_EXERCISE AIM_
You are asked to filter the data below and copy every line holding "Elegant".

----------------

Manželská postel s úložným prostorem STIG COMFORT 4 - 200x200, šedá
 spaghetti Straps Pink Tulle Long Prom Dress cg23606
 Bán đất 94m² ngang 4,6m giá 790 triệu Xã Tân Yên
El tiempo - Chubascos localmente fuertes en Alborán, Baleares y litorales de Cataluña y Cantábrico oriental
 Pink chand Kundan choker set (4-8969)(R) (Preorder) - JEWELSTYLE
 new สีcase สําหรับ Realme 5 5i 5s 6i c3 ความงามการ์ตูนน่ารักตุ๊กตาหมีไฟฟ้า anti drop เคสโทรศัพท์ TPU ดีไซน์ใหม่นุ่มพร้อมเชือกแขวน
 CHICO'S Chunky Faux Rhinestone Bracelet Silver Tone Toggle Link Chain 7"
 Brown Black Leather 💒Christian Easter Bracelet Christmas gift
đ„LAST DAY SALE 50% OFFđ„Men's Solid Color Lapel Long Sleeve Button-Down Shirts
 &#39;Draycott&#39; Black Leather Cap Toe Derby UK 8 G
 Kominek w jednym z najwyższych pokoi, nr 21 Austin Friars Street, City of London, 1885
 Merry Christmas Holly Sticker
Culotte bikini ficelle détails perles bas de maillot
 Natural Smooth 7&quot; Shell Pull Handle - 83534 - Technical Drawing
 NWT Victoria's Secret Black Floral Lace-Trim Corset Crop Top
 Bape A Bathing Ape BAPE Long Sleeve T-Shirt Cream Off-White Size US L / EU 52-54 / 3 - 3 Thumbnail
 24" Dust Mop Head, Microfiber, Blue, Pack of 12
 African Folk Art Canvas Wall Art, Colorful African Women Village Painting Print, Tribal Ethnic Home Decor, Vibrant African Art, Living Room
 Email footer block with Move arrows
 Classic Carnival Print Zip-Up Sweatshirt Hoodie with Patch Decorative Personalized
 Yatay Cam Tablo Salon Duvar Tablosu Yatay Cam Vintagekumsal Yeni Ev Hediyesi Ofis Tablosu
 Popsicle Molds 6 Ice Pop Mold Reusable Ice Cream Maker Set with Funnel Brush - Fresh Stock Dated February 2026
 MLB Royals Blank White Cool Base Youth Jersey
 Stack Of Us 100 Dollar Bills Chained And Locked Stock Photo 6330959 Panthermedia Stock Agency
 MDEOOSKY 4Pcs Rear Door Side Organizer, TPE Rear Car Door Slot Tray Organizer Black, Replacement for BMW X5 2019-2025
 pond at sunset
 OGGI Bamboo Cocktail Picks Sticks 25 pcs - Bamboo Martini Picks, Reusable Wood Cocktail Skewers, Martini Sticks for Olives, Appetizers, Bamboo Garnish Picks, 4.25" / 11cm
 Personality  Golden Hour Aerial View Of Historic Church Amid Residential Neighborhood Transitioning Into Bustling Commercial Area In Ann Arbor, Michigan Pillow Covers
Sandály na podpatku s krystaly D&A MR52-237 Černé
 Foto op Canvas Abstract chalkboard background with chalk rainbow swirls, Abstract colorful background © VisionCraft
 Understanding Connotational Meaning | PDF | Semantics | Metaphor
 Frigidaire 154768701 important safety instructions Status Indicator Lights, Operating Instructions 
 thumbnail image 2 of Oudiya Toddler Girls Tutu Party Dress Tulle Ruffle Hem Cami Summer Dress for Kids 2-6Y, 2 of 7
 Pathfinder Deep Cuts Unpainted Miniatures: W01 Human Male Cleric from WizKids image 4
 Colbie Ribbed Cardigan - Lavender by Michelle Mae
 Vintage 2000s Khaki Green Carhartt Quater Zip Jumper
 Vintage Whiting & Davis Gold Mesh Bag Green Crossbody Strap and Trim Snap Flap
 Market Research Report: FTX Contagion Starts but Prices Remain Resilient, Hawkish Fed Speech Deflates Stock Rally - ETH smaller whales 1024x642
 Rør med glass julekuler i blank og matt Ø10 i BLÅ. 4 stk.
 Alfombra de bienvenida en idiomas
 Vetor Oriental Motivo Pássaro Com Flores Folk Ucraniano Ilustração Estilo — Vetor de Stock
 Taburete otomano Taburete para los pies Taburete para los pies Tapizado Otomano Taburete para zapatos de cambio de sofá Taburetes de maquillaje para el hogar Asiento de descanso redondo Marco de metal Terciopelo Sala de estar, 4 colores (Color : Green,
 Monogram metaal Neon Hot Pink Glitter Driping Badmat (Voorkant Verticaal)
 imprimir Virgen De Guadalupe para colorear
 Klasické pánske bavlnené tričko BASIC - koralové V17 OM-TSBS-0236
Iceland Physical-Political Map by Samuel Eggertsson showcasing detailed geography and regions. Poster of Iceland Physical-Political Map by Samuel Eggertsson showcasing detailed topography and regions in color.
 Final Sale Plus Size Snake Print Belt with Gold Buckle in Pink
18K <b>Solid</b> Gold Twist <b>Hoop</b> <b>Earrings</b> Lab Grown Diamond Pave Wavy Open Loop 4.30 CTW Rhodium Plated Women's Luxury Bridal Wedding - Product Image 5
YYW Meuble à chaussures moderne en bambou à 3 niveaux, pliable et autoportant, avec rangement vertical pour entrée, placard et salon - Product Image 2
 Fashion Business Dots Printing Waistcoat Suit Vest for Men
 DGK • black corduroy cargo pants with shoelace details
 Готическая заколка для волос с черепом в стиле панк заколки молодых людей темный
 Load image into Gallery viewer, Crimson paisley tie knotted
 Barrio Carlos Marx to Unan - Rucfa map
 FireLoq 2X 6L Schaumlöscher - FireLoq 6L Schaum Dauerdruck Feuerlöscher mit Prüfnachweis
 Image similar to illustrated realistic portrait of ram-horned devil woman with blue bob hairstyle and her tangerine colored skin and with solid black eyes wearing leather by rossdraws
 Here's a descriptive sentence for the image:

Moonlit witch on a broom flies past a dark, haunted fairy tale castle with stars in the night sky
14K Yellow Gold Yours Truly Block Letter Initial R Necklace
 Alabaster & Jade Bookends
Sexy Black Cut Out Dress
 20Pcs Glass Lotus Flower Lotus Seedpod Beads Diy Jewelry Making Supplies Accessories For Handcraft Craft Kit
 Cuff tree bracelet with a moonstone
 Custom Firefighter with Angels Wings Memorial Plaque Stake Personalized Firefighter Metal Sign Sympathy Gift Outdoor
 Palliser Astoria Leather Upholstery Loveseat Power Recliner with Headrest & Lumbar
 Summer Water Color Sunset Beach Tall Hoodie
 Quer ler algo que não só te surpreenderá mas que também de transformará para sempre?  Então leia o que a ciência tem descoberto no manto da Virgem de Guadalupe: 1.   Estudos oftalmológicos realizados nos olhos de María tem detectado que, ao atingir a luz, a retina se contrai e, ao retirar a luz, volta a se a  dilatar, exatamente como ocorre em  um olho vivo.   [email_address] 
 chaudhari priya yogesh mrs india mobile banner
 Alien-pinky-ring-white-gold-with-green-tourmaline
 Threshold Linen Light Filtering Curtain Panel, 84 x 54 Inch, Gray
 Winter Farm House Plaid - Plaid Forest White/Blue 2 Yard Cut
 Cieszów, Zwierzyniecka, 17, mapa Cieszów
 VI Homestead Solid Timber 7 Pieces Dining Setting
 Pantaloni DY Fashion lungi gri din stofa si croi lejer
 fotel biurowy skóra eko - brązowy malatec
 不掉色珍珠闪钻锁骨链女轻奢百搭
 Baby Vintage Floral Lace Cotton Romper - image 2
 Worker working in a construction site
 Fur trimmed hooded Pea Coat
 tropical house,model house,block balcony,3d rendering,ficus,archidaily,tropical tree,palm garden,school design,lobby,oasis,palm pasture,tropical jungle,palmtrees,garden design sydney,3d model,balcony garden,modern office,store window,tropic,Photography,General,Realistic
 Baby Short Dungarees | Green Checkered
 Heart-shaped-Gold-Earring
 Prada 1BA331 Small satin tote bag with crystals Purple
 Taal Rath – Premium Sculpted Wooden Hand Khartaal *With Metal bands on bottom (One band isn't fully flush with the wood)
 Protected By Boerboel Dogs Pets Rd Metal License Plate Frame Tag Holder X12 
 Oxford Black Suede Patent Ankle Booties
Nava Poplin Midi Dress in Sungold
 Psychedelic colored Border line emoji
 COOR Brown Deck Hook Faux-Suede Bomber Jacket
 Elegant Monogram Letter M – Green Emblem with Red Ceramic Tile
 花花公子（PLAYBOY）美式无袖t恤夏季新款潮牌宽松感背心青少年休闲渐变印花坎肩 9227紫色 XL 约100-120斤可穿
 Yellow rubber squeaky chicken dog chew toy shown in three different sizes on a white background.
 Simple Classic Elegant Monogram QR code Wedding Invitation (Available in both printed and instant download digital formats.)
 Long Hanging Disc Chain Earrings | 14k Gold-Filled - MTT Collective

----------------

_ANSWER FOR THE TASK_
 Elegant Monogram Letter M – Green Emblem with Red Ceramic Tile
 Simple Classic Elegant Monogram QR code Wedding Invitation (Available in both printed and instant download digital formats.)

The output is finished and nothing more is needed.